Goal of the exercise: From the listing below, give again exactly the lines from the line with "NO:873050,Highly recommend D*'s" to the line with "3901 S Ocean Dr Ph16r Property Photo 1", ends included, without any pictures.

Records to use:
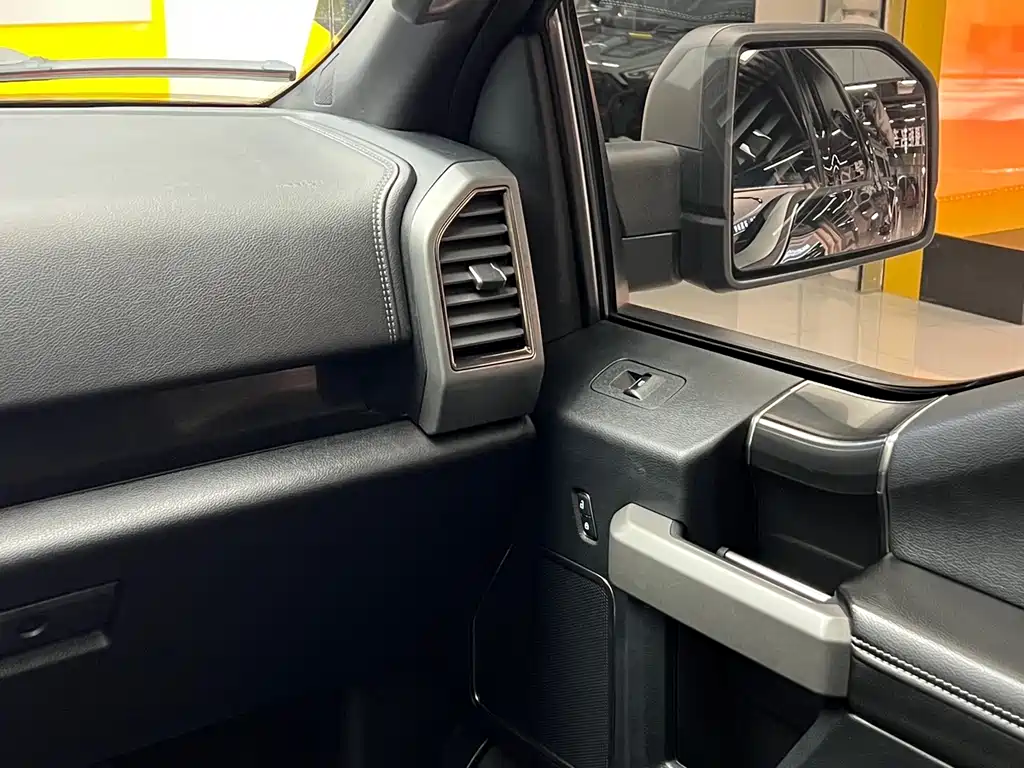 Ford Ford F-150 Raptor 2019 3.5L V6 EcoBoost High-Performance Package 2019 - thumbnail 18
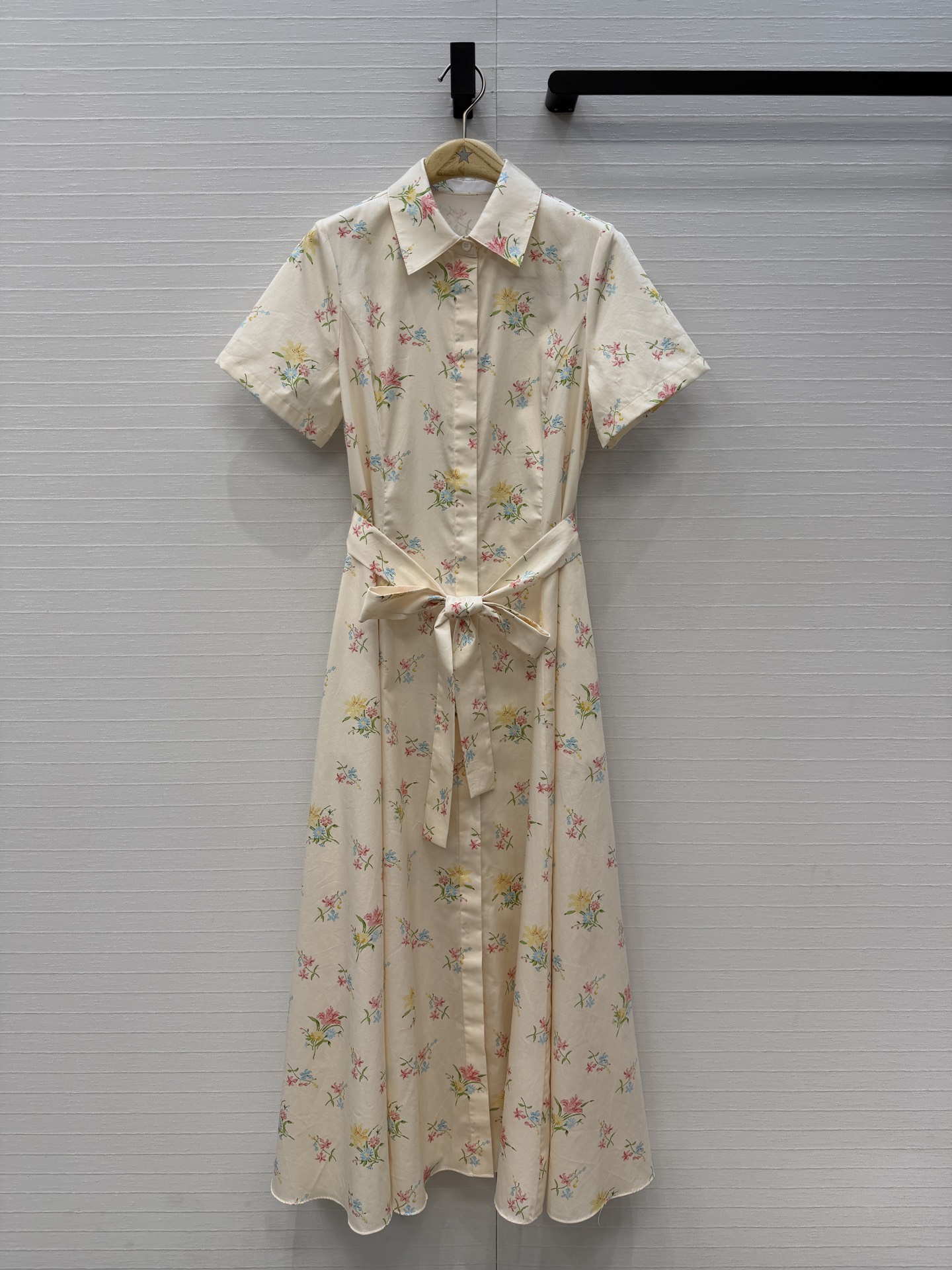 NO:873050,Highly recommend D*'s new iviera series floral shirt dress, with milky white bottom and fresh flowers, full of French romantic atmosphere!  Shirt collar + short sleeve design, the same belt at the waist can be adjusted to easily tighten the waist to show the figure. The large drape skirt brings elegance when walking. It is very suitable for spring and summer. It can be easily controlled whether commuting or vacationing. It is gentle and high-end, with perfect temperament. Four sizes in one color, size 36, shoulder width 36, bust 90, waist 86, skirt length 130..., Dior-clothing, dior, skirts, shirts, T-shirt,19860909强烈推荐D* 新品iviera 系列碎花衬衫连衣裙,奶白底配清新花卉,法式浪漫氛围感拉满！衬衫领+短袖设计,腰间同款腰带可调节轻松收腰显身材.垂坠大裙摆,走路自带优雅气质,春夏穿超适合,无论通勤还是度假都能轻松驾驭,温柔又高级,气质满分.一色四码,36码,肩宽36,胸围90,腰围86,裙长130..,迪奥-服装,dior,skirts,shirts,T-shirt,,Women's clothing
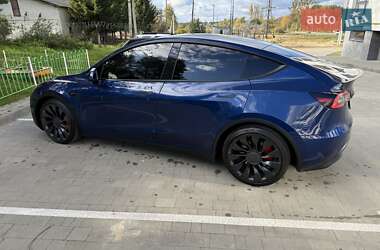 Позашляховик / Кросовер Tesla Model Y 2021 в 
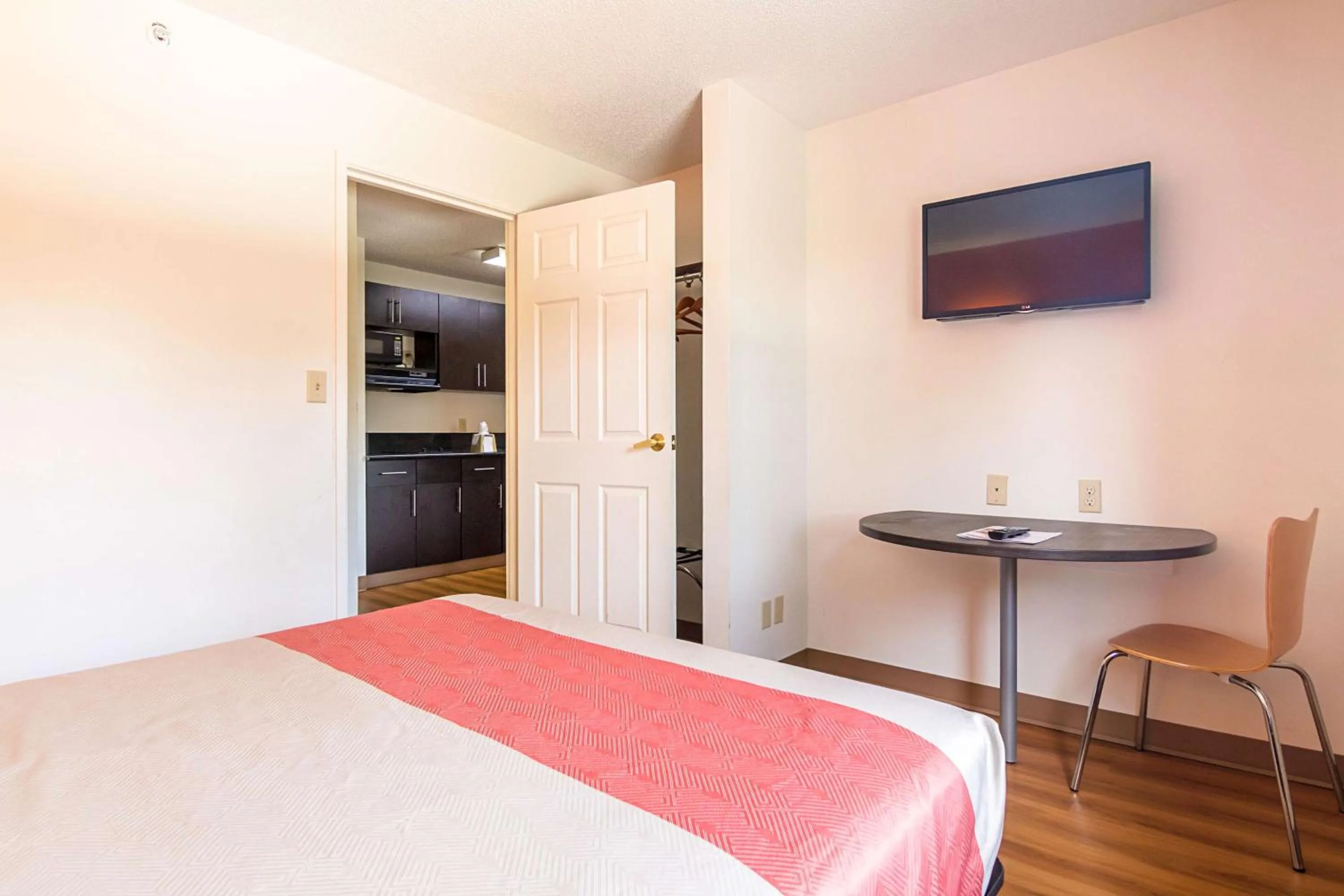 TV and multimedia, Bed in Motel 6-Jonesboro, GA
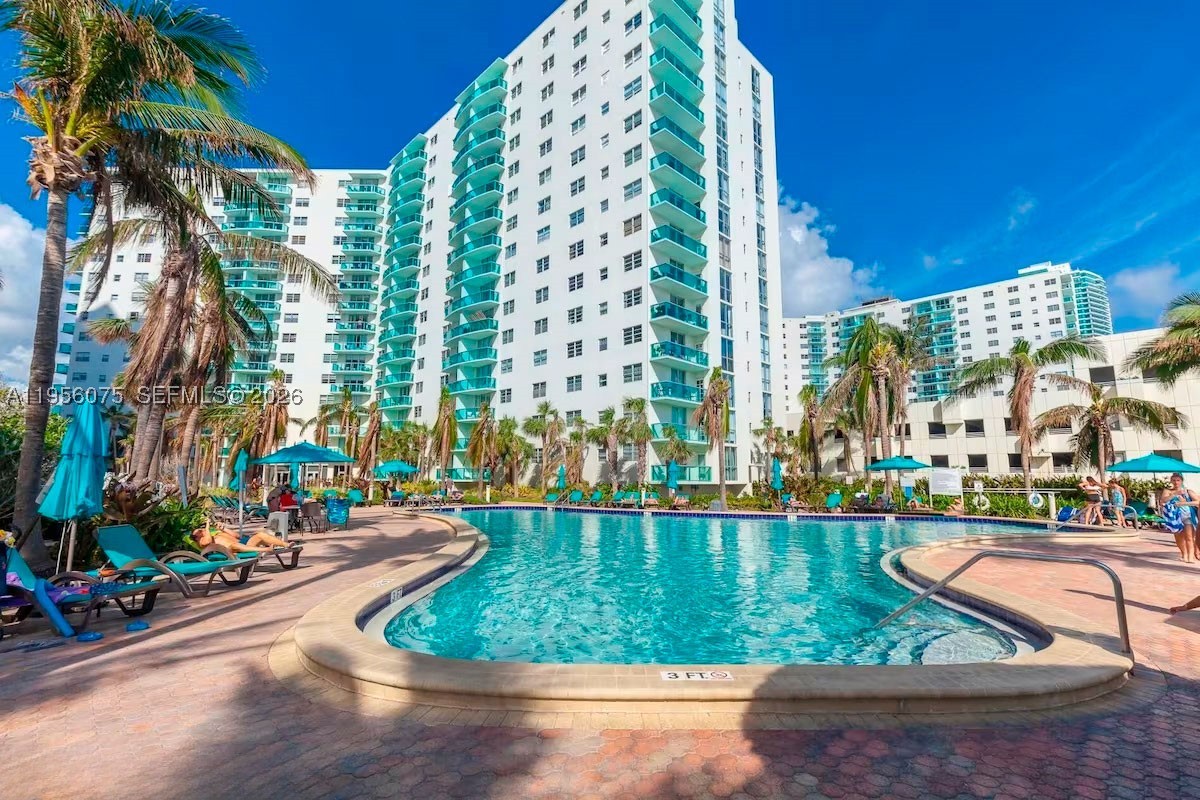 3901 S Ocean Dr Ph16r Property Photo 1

...

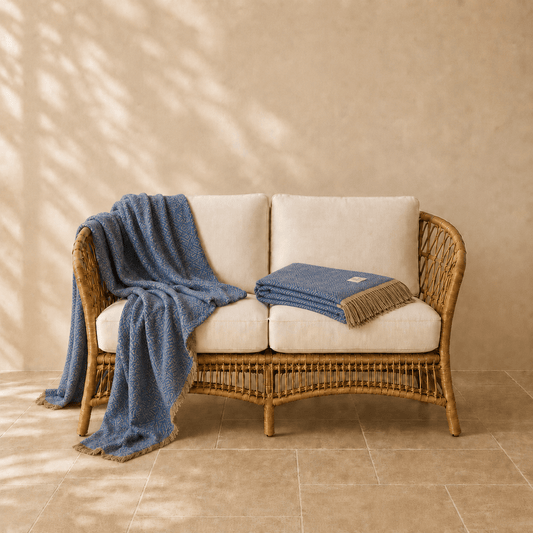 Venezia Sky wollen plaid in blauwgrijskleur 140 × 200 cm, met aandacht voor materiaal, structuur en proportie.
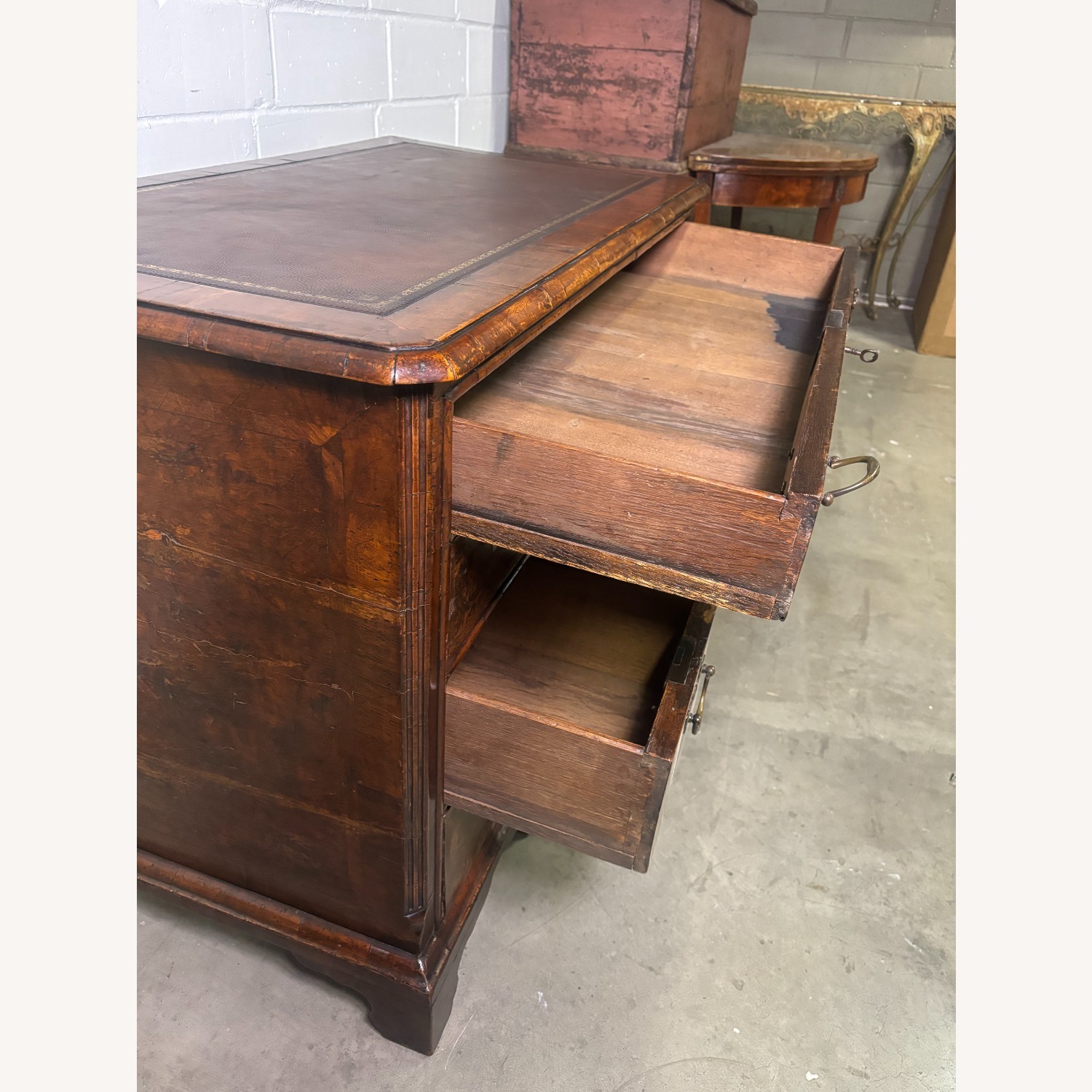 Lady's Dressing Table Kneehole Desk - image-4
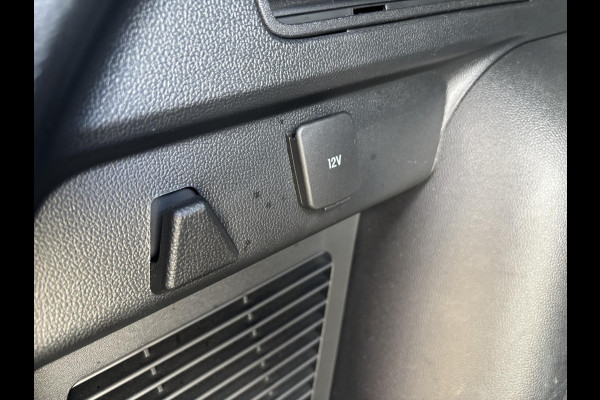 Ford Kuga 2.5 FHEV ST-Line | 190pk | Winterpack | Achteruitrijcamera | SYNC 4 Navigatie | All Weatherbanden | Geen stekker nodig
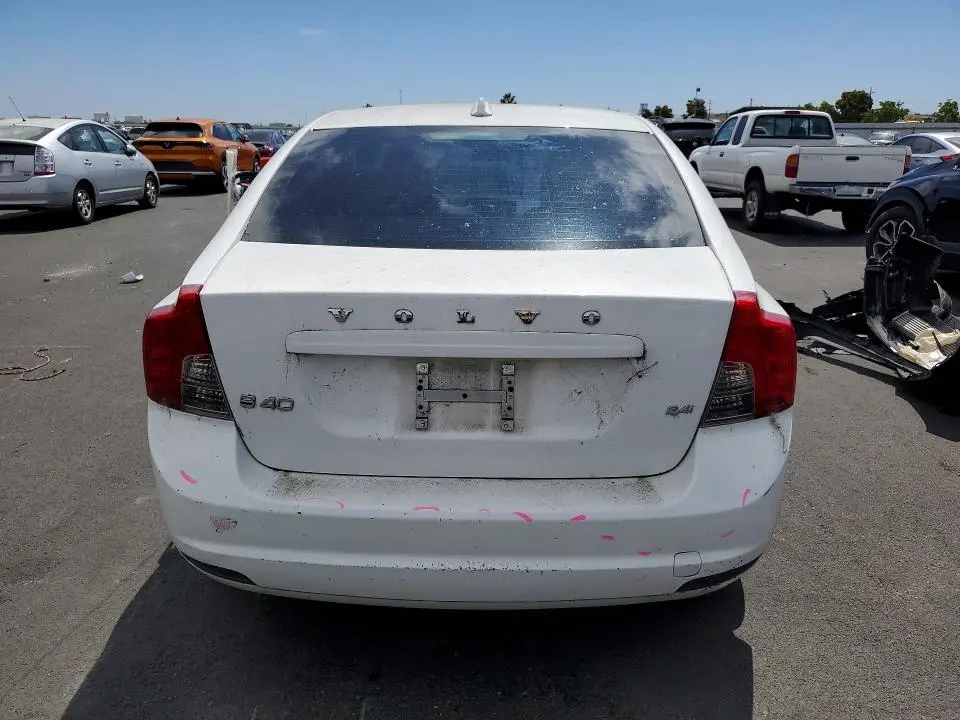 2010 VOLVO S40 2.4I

The completed task:
 NO:873050,Highly recommend D*'s new iviera series floral shirt dress, with milky white bottom and fresh flowers, full of French romantic atmosphere!  Shirt collar + short sleeve design, the same belt at the waist can be adjusted to easily tighten the waist to show the figure. The large drape skirt brings elegance when walking. It is very suitable for spring and summer. It can be easily controlled whether commuting or vacationing. It is gentle and high-end, with perfect temperament. Four sizes in one color, size 36, shoulder width 36, bust 90, waist 86, skirt length 130..., Dior-clothing, dior, skirts, shirts, T-shirt,19860909强烈推荐D* 新品iviera 系列碎花衬衫连衣裙,奶白底配清新花卉,法式浪漫氛围感拉满！衬衫领+短袖设计,腰间同款腰带可调节轻松收腰显身材.垂坠大裙摆,走路自带优雅气质,春夏穿超适合,无论通勤还是度假都能轻松驾驭,温柔又高级,气质满分.一色四码,36码,肩宽36,胸围90,腰围86,裙长130..,迪奥-服装,dior,skirts,shirts,T-shirt,,Women's clothing
 Позашляховик / Кросовер Tesla Model Y 2021 в 
 TV and multimedia, Bed in Motel 6-Jonesboro, GA
 3901 S Ocean Dr Ph16r Property Photo 1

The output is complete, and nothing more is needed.